[THE DATA]

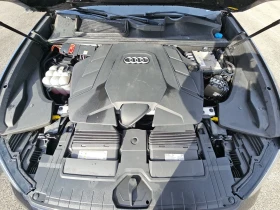 Audi Q8 PREMIUM 55 TFSI QUATTRO  - 18000 € / 35204.94 лв. - 78286765 15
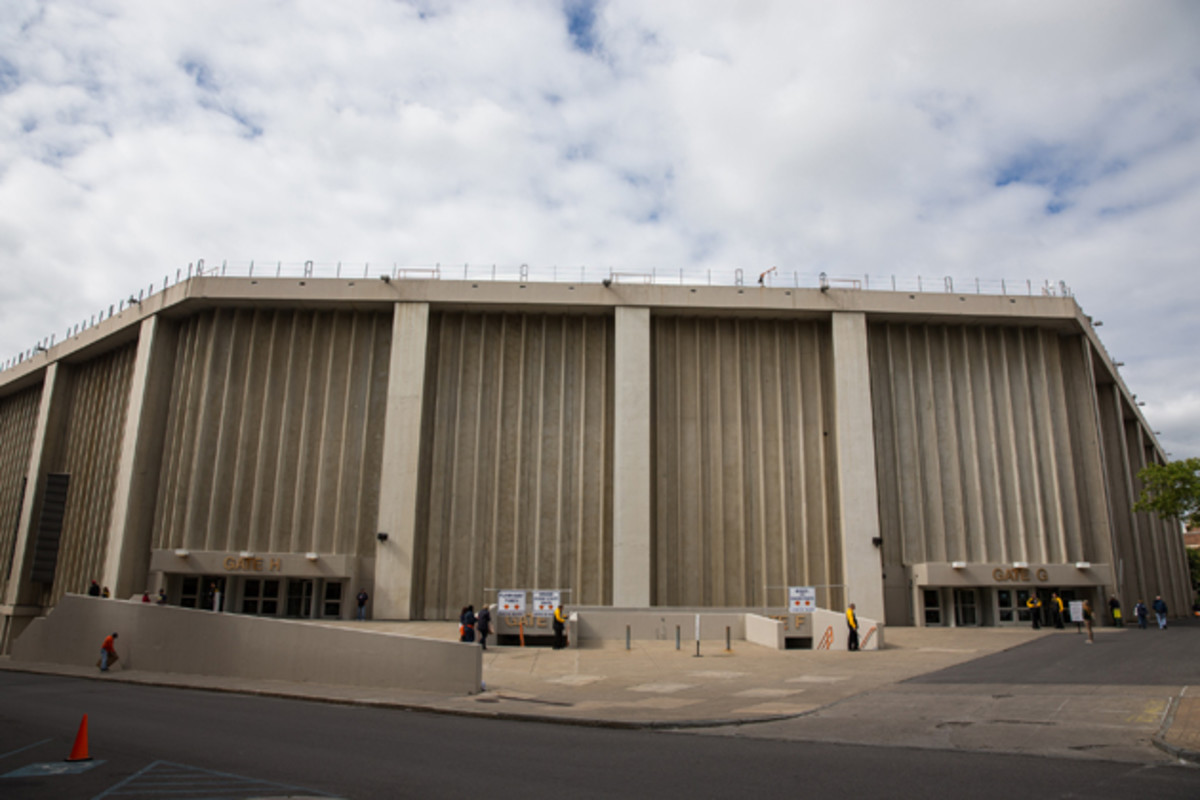 2015 sweet 16 carrier dome
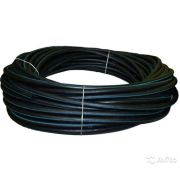 Рукав газовый III- 9,0 - 2,0 черный /50м/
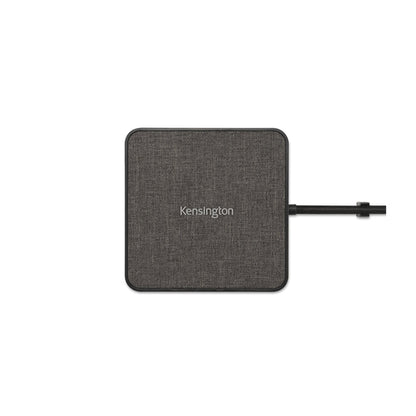 USB4 PORTABLE DOCKING STATION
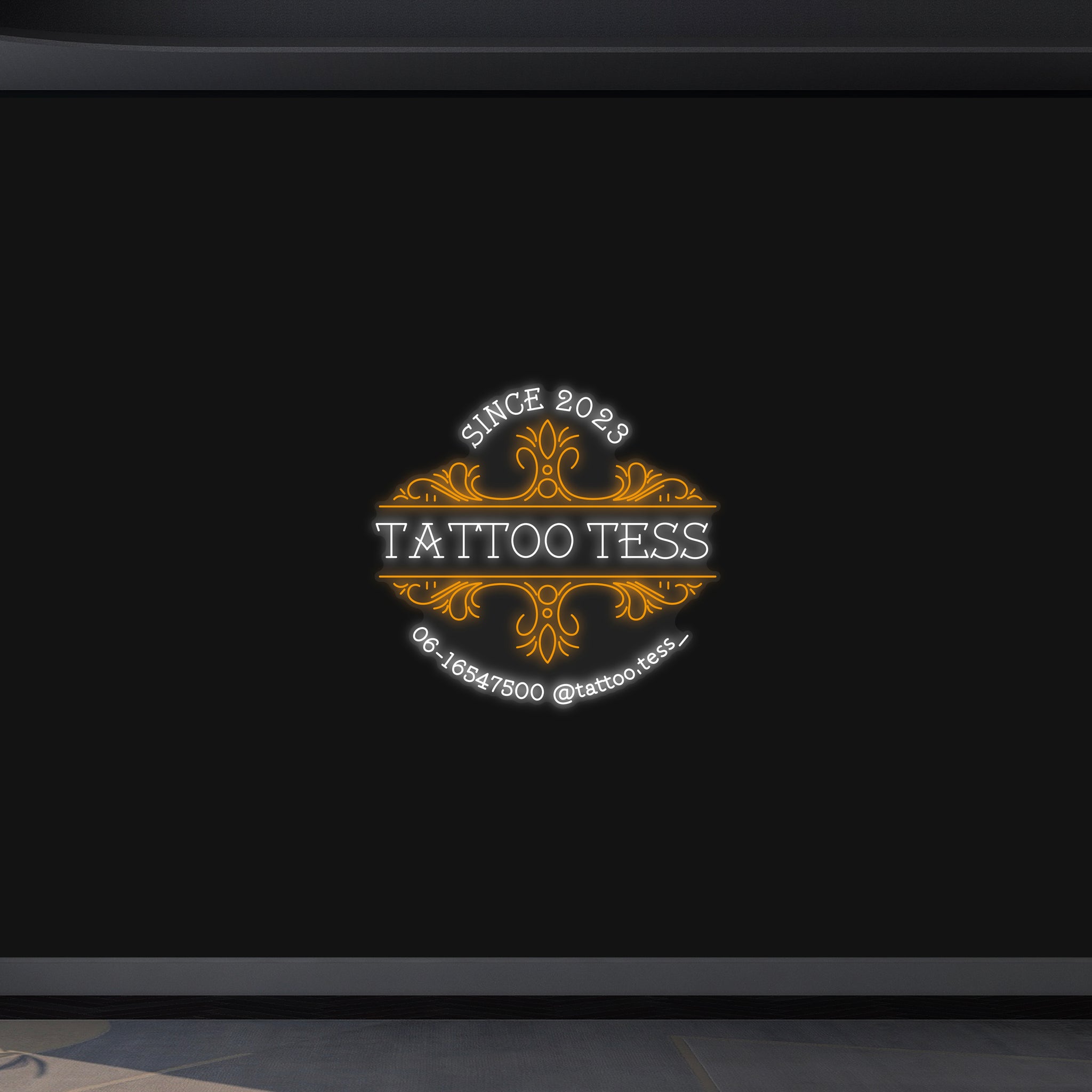 Tattoo Tess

[/THE DATA]

TASK TO COMPLETE
Your response must reproduce every line of the data exactly, with images omitted.

ANSWER TO THE PROBLEM
 Audi Q8 PREMIUM 55 TFSI QUATTRO  - 18000 € / 35204.94 лв. - 78286765 15
 2015 sweet 16 carrier dome
 Рукав газовый III- 9,0 - 2,0 черный /50м/
 USB4 PORTABLE DOCKING STATION
 Tattoo Tess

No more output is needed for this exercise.